Veteran recruiter Christie Cordes agreed that communication is key once you’ve landed a gig, suggesting that new employees “plan and communicate” so they can better arrange their personal schedules around their work. “Make it a habit of recording start and stop times, including weekends,” she added. “Then you can begin to see patterns emerging that you may be able to address with your boss.”
“We all charge our batteries in different ways. The key is creating more of a ‘work-life equation,’ because your life at work and outside of work is always changing and evolving,” said 72andSunny partner and chief talent officer Sedef Onar. “It’s about learning what you need to get out of those personal and professional moments to be your best, versus striving to balance both perfectly, all the time.”

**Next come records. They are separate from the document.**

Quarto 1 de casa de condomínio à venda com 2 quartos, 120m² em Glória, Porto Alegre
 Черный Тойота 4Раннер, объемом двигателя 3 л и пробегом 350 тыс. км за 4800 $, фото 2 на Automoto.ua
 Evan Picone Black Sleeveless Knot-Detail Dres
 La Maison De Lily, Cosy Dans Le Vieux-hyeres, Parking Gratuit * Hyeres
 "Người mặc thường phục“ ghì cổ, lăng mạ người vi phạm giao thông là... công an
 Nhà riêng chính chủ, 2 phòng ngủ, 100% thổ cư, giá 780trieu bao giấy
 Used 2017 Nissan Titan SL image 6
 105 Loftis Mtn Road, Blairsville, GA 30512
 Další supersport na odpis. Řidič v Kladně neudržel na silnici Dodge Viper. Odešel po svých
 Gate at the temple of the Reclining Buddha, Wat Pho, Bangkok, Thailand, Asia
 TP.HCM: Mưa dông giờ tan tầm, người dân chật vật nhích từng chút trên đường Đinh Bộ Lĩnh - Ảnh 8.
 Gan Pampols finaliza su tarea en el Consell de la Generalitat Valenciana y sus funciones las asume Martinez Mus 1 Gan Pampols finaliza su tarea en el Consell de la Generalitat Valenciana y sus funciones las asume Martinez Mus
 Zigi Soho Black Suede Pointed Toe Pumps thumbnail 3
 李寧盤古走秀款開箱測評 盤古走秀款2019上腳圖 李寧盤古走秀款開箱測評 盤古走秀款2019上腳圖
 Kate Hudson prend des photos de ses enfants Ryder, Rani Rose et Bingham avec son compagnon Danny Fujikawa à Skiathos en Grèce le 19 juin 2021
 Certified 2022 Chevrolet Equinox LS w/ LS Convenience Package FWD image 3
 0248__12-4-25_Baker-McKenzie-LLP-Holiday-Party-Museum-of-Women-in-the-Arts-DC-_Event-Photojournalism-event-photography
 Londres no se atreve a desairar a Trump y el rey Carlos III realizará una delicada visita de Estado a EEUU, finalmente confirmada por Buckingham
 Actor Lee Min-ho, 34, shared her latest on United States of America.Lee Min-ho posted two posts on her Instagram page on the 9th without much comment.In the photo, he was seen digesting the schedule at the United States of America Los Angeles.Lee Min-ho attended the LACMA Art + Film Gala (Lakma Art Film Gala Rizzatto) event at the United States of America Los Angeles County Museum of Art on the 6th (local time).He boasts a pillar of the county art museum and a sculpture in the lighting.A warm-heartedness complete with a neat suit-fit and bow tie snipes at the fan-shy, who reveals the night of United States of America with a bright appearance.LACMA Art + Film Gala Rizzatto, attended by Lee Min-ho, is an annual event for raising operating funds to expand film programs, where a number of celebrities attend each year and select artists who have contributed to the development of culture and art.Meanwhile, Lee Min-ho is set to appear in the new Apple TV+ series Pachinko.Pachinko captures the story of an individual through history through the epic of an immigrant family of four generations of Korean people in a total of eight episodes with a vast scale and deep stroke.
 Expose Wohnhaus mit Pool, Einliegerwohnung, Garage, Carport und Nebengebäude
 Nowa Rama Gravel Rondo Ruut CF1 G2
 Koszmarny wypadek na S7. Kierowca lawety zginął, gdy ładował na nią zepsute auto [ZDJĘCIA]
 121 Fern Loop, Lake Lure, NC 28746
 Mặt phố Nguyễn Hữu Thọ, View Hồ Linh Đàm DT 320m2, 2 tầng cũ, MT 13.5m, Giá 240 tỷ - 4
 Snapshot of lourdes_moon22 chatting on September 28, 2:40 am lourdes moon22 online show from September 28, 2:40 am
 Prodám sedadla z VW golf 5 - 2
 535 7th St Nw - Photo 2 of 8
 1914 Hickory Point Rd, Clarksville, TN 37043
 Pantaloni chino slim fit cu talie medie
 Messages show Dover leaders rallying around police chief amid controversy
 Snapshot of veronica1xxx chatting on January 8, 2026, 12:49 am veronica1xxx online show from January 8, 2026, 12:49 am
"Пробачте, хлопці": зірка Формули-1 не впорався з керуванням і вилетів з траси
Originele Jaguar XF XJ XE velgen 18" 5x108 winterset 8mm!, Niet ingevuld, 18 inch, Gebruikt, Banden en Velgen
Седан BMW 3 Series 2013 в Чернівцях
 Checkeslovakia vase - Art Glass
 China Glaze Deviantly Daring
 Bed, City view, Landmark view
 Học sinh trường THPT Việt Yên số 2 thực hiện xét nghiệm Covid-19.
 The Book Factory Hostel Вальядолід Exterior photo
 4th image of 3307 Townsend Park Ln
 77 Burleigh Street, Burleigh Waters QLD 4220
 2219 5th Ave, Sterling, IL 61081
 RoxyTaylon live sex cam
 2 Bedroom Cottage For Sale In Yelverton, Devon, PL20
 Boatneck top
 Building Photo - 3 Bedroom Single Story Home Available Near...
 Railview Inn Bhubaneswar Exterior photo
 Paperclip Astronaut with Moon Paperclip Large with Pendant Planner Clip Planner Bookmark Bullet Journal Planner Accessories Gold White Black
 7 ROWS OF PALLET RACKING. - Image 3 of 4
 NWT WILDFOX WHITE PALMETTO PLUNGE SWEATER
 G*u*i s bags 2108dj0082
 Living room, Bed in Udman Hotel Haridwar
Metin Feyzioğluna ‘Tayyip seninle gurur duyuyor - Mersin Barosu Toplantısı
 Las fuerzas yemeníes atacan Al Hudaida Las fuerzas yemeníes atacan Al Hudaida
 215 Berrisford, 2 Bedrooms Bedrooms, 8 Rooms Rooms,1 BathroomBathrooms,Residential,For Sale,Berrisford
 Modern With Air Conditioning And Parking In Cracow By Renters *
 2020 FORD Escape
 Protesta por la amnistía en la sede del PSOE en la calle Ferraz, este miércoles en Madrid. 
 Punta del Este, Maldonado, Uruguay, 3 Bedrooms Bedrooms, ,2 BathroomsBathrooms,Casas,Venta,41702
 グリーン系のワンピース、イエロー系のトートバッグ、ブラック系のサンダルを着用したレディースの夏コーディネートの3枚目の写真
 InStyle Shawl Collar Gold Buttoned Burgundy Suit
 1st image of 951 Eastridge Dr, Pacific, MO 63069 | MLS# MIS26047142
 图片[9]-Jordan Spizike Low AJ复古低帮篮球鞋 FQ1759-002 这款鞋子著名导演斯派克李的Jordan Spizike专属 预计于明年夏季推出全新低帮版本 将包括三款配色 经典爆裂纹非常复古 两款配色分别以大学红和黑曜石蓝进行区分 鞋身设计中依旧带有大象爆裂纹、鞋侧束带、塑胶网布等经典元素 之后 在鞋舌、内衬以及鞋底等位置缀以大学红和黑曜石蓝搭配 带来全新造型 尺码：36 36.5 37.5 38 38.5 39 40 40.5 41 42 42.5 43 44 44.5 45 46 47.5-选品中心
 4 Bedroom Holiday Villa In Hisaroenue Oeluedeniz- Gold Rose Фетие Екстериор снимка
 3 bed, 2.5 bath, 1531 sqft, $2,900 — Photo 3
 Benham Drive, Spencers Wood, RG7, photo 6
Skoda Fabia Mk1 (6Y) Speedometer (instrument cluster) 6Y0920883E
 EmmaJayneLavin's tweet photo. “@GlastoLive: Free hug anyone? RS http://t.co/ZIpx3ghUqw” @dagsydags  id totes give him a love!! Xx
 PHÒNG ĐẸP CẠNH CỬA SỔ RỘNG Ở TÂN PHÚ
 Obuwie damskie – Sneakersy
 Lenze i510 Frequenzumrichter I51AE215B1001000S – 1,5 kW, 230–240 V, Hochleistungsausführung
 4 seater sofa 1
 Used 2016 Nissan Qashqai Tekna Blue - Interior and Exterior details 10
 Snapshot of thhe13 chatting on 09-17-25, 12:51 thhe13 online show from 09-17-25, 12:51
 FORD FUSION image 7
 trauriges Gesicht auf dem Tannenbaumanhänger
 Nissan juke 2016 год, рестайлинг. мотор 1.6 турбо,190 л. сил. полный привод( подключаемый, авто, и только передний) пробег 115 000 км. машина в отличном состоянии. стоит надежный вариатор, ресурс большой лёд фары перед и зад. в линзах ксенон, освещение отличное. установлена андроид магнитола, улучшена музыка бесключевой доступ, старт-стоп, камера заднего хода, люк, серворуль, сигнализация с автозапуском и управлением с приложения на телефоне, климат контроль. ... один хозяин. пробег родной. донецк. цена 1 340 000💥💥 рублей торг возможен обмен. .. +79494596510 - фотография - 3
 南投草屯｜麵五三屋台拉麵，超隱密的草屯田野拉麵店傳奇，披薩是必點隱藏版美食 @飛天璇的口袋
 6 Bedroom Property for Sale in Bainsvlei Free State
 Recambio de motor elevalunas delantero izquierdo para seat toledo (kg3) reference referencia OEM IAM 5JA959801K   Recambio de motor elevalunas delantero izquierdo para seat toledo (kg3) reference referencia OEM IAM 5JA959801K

Natasha Cirisano, a designer at 72andSunny who graduated from the University of Southern California in 2015, suggested that young creatives carve out time for personal projects, adding, “My tip for balancing a client-work-life with passion-project-life is to not try to do everything at once. If your job takes up a ton of time at the start and you’re too tired to do anything but veg out, that’s OK. There’s also a steep learning curve in the beginning of your career, so it will take more energy to do the same tasks that will be less strenuous in the future. It took me two years in the industry to get a decent client work/personal work balance going, but it is possible.”
Cordes said new employees shouldn’t be afraid to ask the most important question: Why did they choose to enter this business in the first place? “The minute you and the team can’t answer the ‘why’ is the minute burnout begins,” she said. “Keep the ‘why’ front and center at all times.”
It might just come down to accepting the path you’ve chosen. “If you are ambitious,” Shahar said, “you also have to be prepared to not always have that work-life balance.”